What you should do ::
From the line with "Safe Manual Handling Co-ordinator, Stephen" down to the final line of the material below, quote every line exactly and leave out all lines before it.

************

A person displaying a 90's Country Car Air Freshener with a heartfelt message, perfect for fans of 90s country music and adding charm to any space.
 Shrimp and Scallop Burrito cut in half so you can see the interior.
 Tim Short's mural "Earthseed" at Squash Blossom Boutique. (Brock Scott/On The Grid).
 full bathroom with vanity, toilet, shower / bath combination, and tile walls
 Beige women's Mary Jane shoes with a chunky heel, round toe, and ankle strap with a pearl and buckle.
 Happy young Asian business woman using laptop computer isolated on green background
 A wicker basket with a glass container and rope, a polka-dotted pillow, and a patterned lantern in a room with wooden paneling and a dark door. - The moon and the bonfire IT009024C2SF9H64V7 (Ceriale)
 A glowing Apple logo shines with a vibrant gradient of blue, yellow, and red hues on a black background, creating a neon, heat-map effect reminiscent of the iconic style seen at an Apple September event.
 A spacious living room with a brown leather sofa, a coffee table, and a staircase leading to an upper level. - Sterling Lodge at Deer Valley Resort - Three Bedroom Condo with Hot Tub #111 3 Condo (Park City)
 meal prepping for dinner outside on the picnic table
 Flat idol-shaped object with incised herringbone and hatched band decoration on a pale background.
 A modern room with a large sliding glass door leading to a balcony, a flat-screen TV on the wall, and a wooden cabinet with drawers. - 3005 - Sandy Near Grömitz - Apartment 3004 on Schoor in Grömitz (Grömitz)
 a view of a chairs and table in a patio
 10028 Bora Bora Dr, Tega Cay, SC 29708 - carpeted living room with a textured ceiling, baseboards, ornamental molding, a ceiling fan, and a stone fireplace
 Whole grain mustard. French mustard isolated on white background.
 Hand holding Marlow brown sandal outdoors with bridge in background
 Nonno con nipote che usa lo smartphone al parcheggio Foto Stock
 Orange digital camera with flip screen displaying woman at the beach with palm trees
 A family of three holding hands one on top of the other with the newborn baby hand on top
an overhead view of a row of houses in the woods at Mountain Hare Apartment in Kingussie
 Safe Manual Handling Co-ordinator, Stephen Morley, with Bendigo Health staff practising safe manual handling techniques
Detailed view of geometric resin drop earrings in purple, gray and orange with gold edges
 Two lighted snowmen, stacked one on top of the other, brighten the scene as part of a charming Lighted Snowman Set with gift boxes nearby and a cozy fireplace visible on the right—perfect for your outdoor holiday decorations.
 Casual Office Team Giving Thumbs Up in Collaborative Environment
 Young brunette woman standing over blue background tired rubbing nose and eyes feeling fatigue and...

************

Answer box ::
 Safe Manual Handling Co-ordinator, Stephen Morley, with Bendigo Health staff practising safe manual handling techniques
Detailed view of geometric resin drop earrings in purple, gray and orange with gold edges
 Two lighted snowmen, stacked one on top of the other, brighten the scene as part of a charming Lighted Snowman Set with gift boxes nearby and a cozy fireplace visible on the right—perfect for your outdoor holiday decorations.
 Casual Office Team Giving Thumbs Up in Collaborative Environment
 Young brunette woman standing over blue background tired rubbing nose and eyes feeling fatigue and...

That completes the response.